OSP: Please talk a bit about the regulatory issues around the adoption and integration of technology—how can it help, and what are some of the important things to keep in mind?

(elenabs/iStock via Getty Images Plus)

ME: As more and more sponsors consider building their own, purchasing, or licensing technology products to run decentralized trials or enhance traditional site-based trials, both the tech products and the manner in which they are operated and configured should be carefully aligned with applicable laws. Those could include, but aren’t limited to, the requirements of the International Council for Harmonization Good Clinical Practice (GCP) guidelines, local privacy laws/regulations, and clinical trial regulations.

It’s critical that sponsors get this right because the stakes are high. For example, handling personal data of participants living within the member states of the European Union in a way that doesn’t meet the General Data Protection Regulation, or GDPR, standards could result in penalties ranging from warnings to fines, loss of reputation, and damage to business relationships. Failure to conduct the trial in accordance with GCP and/or clinical trial regulations could result in data produced that is not adequate to support new drug, vaccine, or device applications to regulatory authorities. 

The good news is, the industry is much farther along in evolving our approaches to meet these complex global regulatory requirements than we were even two years ago. At IQVIA, we consider it important to bring our experience as both an industry-leading CRO and a technology solutions provider to the table as we work with sponsors to build and execute compliant plans to integrate technology into their trials so that they can focus on reaping the benefits that these tech solutions offer.

OSP: Could you please talk about some of the products and services companies like yours can provide to help ease the implementation and integration of tech?

ME: Even if you have the best product in the world, you can fall totally flat if you don’t know how to operationalize it. The breadth of IQVIA clinical technology products (e.g., IQVIA Complete Consent, IQVIA eCOA, Investigator Site Portal, eTMF, Clinical Trial Payments) has been deployed in hundreds of studies over the years. And, when it comes to decentralized clinical trials, IQVIA has more than 90 studies underway, across more than 40 countries and 30 therapeutic indications.

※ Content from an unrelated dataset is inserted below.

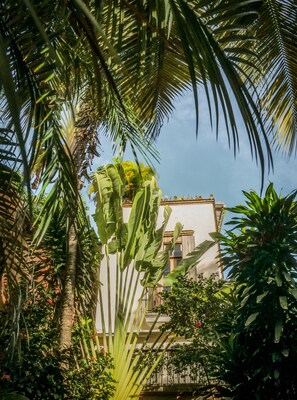 Detall de l'exterior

Aiming to set customers up for successful results, we take the learnings from every product deployment and every trial to further our expert knowledge and tested approaches. For example, our regulatory database helps sponsors navigate a complex ecosystem of laws and guidances at the global, regional, country, and local levels to ensure compliance and data privacy. Our experts assess sponsors’ protocols early in the planning process to determine which products and services could add the most value to their unique study.

IQVIA’s global network of Prime Sites is trained and resourced to quickly deploy our technology solutions, which gives sponsors electing to leverage those sites the confidence that they don’t have to overcome an adoption barrier.

Finally, recognizing that sponsors may want to work within their systems and processes, most of IQVIA’s clinical technology solutions are designed to be configurable and interoperable with a sponsor’s current technical ecosystem. We believe that flexibility and integrations are important so that sponsors can focus on choosing the right solutions for their protocol rather than worrying about whether they will work with their existing systems.

OSP: Is there anything you’d like to add?

ME: I think it’s important not to lose sight of the progress we’ve made on driving smart, effective innovation in clinical trials. The world is digitally enabled, and patients are living in this digital world as are the teams of clinical professionals carrying out clinical trials.

As our stakeholders increasingly open up to technology solutions that make their trial experience better, we, as an industry, can focus on delivering important medicines, vaccines, and devices to patients faster. Maintaining our momentum to evolve and improve the way clinical trials run using purpose-built clinical technology products will be critical as we look ahead.